▸ **BRIEF**
Please copy exactly the line that contains "Panta Leo 16 ran Panta Kompakt Leo 16 ran" and every line after it through the end of the records, leaving the pictures out.
--
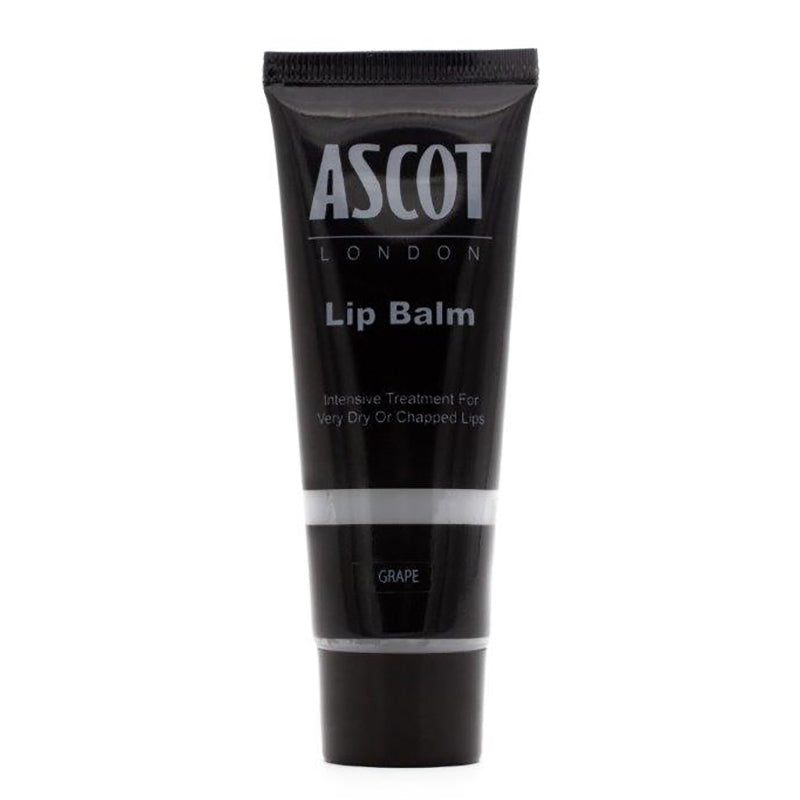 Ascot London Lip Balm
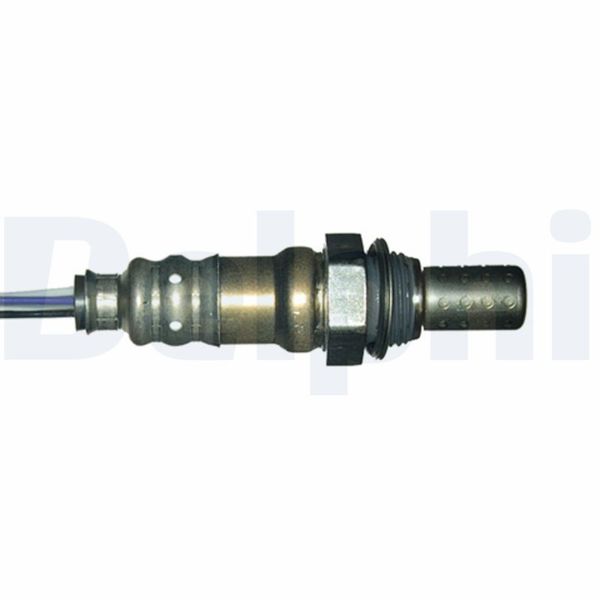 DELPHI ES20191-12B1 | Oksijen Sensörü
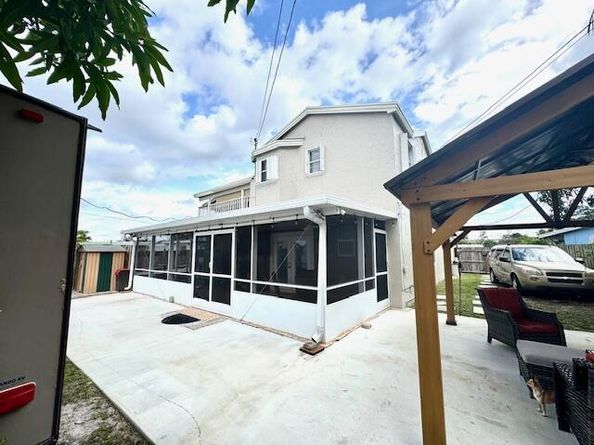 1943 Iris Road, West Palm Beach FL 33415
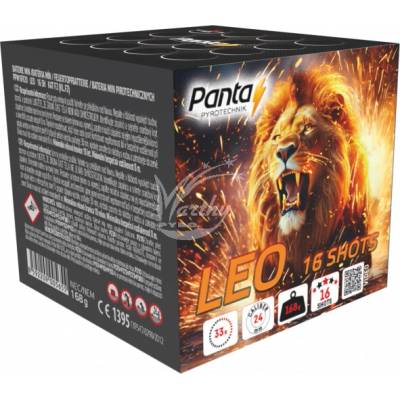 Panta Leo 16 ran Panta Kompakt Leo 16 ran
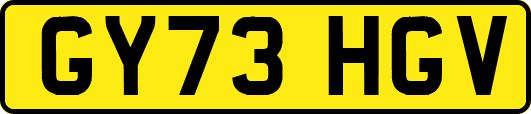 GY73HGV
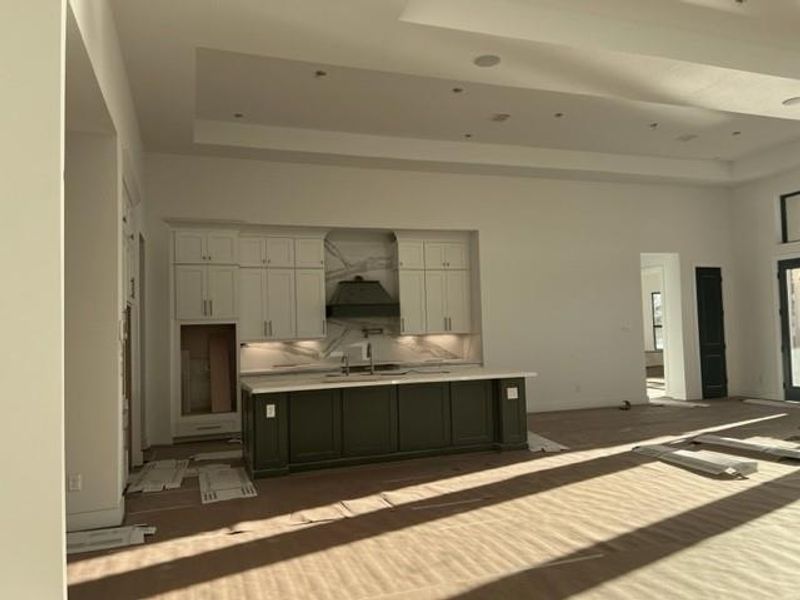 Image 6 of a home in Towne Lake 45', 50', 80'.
--
▸ **RESULT BELOW**
 Panta Leo 16 ran Panta Kompakt Leo 16 ran
 GY73HGV
 Image 6 of a home in Towne Lake 45', 50', 80'.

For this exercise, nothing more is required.